Agregó, sin embargo, que este peligro "se puede subsanar en pocos días si se resuelve el abastecimiento de energía eléctrica y de agua potable", algo con lo que las organizaciones internacionales están trabajando, recordó.
Tras una rueda de prensa en la que dio a conocer las medidas tomadas por la Cruz Roja, Ferrari alertó además de la posibilidad de que haya víctimas en las zonas aledañas a las poblaciones de Pisco, Ica, Chinca y Cañete, las más afectadas por el fuerte seísmo.
"Puede haber muertos, heridos, personas que también han perdido su vivienda", explicó el representante de la organización internacional, en un intento de llamar la atención sobre zonas a las que todavía no ha llegado ninguna ayuda.
La situación de emergencia aún es crítica en varios pueblos del interior de Perú que también fueron afectados por el terremoto que asoló el país el pasado miércoles, según testimonios mostrados ayer por la televisión local.

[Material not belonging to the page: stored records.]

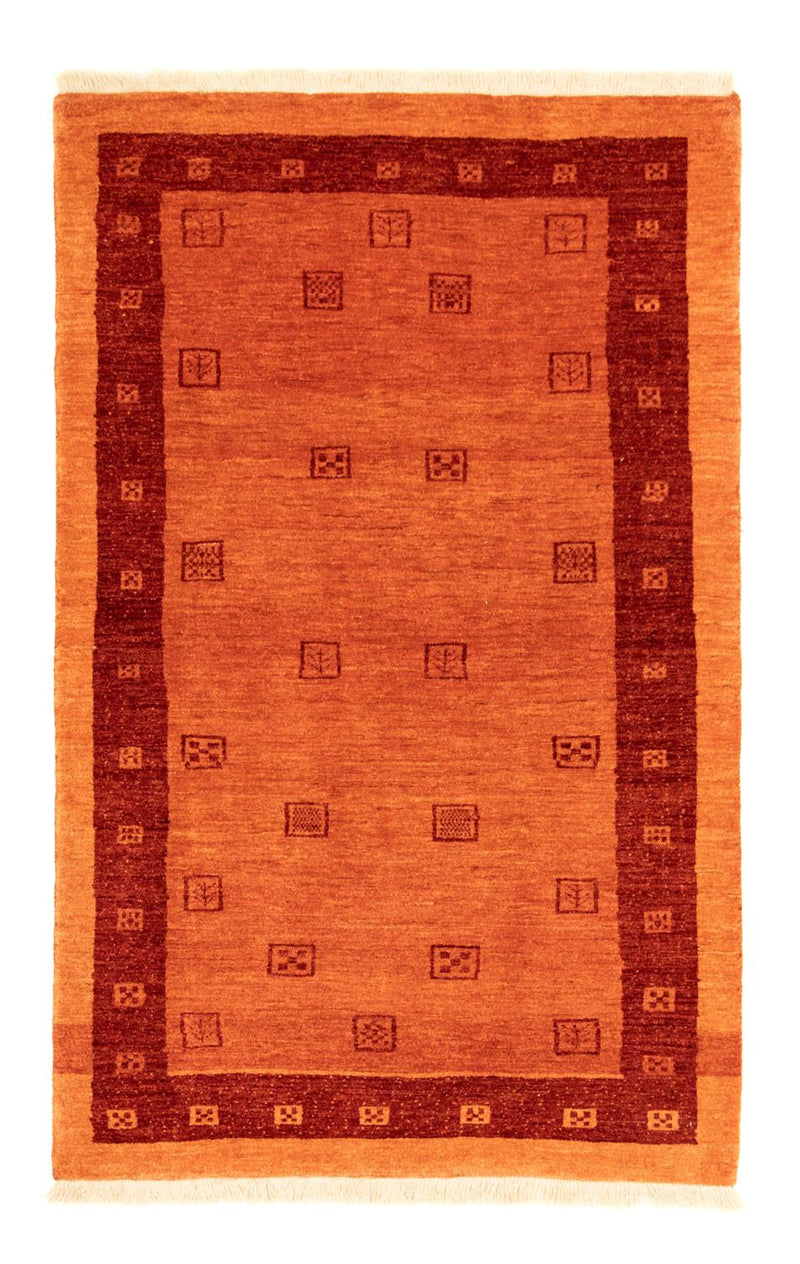 Gabbeh-matta - persisk - 187 x 115 cm - orange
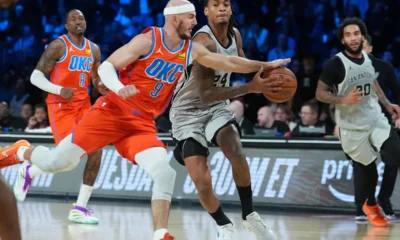 Spurs Dominate Thunder Again as OKC Suffers Rare Loss Before Christmas Clash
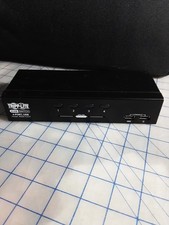 Tripp Lite 4-Port KVM Switch - Desktop [ B006-VU4-R ] No Power Supply picture
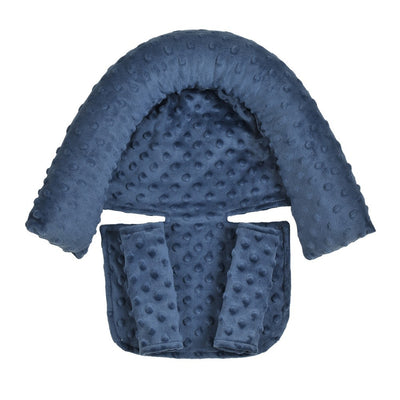 Almohada de Apoyo Cervical para Auto con Protección de Cuello y Fundas de Cinturón de Seguridad - Image 9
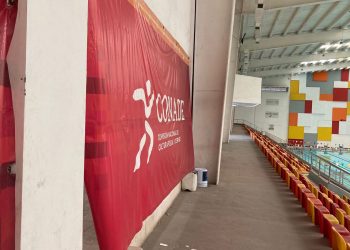 Instalaciones de la alberca olímpica Héroes de Caborca (CUM) continúa en pésimas condiciones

Una reportera del Canal N llegó ayer al pueblo de Guadalupe, en la región Ica, que fue duramente golpeado por el sismo de 8 grados en la escala de Richter. Las imágenes de la TV mostraron viviendas destruidas, calles con escombros y familias enteras damnificadas que se quejaron de no haber recibido aún ayuda de emergencia.
Y es que 48 horas después del devastador terremoto, la ayuda humanitaria se ha concentrado en la ciudad costera de Pisco, la más dañada, y en las vecinas Ica y Chincha. Los daños en las carreteras y caminos rurales también han dificultado el desplazamiento de los camiones que transportan agua, alimentos, mantas y carpas.
Una mujer señaló que muchas de las viviendas de Guadalupe están "en el suelo" y pidió entre lágrimas que se les envíe agua y alimentos, ya que los comercios han sido saqueados por vándalos.
Otras imágenes también mostraron ayer los efectos que ha sufrido la localidad de Lunahuaná, uno de los destinos turísticos más buscados por los amantes de los deportes de aventura. La ciudad carece de energía eléctrica y ha sufrido la rotura de la tubería principal de agua. Algunos de sus pobladores también permanecen en carpas en las calles y se quejan por la total ausencia de asistencia humanitaria.
El terremoto afectó, asimismo, a poblados como Cora Cora, en el departamento sur andino de Ayacucho, y a las comunidades de Santa Bárbara, Ascensión, San Cristóbal, Santa Ana, Nuevo Occoro, Huando, Cochas, Sinto, Esmeralda y Suytupampa.